Pour une politique publique adaptée capable d’augmenter notre résilience agricole face aux aléas climatiques

Credit Photo: Coordination Europe Haiti

L’agriculture est la plus vulnérable et la plus menacée face aux aléas climatiques. Le constat fait peur. Les deux intervenants à l’émission Haïti climat, diffusée sur les ondes de Magik 9, ont décortiqué la raison pour laquelle le secteur (agricole) est aussi vulnérable. 

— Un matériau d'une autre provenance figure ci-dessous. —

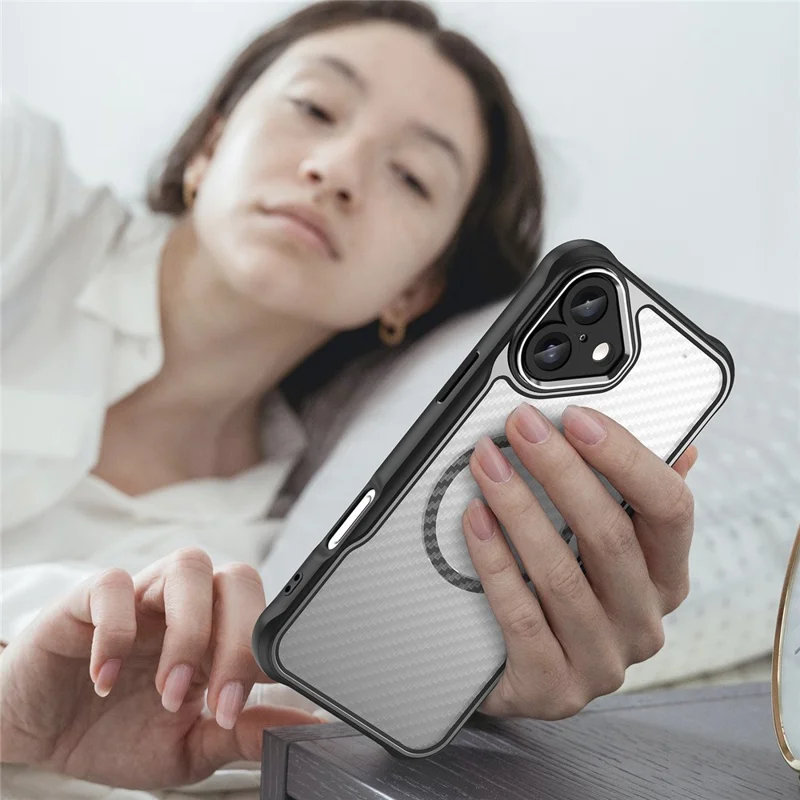 For iPhone 16 Plus Magnetic Case TPU+PC Phone Cover Carbon Fiber Texture - Black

Intervenant sur l’impact de la dégradation environnementale et le changement climatique sur le secteur agricole haïtien, qui représente plus de 20% du PIB du pays, Gaël Pressoir et Yvon Guerrier ont évoqué, tour à tour, l’absence de politique publique pour augmenter notre résilience afin que nos cultures ne soient plus menacées par les manifestations du changement climatique.

Le doyen de la faculté d’agronomie de l’Université  Quisqueya explique que le pays fait face à une multiplication de risques dans l’agriculture. La recrudescence de maladies liées aux manifestations du changement climatique permet aux insectes et aux bactéries d’évoluer plus rapidement et d’envahir nos champs.

Monsieur Pressoir a plaidé pour une meilleure articulation dans le secteur agricole afin de faire face aux différents risques auxquels il est exposé.

« Il faut préparer des plans et des variétés qui résistent à la sécheresse. Le sorgho est l’une des cultures qui résistent au sec », a préconisé M. Pressoir. D’après lui, l’agriculture demande d’inventer des solutions pour affronter les aléas.

« Il faut des plans qui résistent à la salinité, développer des itinéraires techniques, des systèmes agroécologiques afin de conserver l’eau du sol pour servir au moment de sécheresse », a suggéré plus loin le doyen, qui aborde l’épineux sujet de la vallée de l’Artibonite. Pour ce dernier, ce n’est pas un problème de changement climatique qui se pose dans cette vallée, mais de préférence un problème de gouvernance.

« Sur la vallée de l’Artibonite, c’est un problème d’incompétence à tous les niveaux qui se pose. Prenons par exemple l’incompétence gouvernementale au niveau de la gestion de Péligre. Ce dernier était construit pour la rétention de l’eau pour la vallée de l’Artibonite afin d’alimenter en eau les producteurs de riz en période sèche. Pourtant, nos décideurs ont utilisé la turbine de Péligre pour l’énergie électrique. Du coup, la production de riz dans l’Artibonite fait place au riz importé », a déploré M. Pressoir.

Quelle politique publique a été mise en place en matière d’agriculture en Haïti?, se demande l’Ingénieur-agronome Yvon Guerrier, qui fait remarquer que chaque pays ménage ses ressources en fonction de sa capacité dans le domaine. Il croit qu’il faut définir le type d’agriculture qu’on veut faire en Haïti.

Alors que d’autres pays doublent leur productivité agricole pendant les 20 dernières années, en Haïti, Gaël Pressoir dit constater une stagnation de la productivité agricole, traduite par une régression de la part de l’agriculture dans le PIB du pays, regrettant qu’il n’y ait pas vraiment de reflexions qui ont été faites sur la relance de ce secteur.

À  cet effet, l’ingénieur-agronome Guerrier explique que la mauvaise pratique liée à la dégradation du système productif où les mornes sont exploités pour les cultures intensives réduit le PIB du pays. La production agricole à elle seule représente plus d’1 milliard de dollars américains dans l’économie haïtienne.

Les intervenants ont été unanimes à reconnaître la nécessité d’avoir plus d’ivestissements dans la recherche pour revivifier le secteur en proie aux aléas climatiques.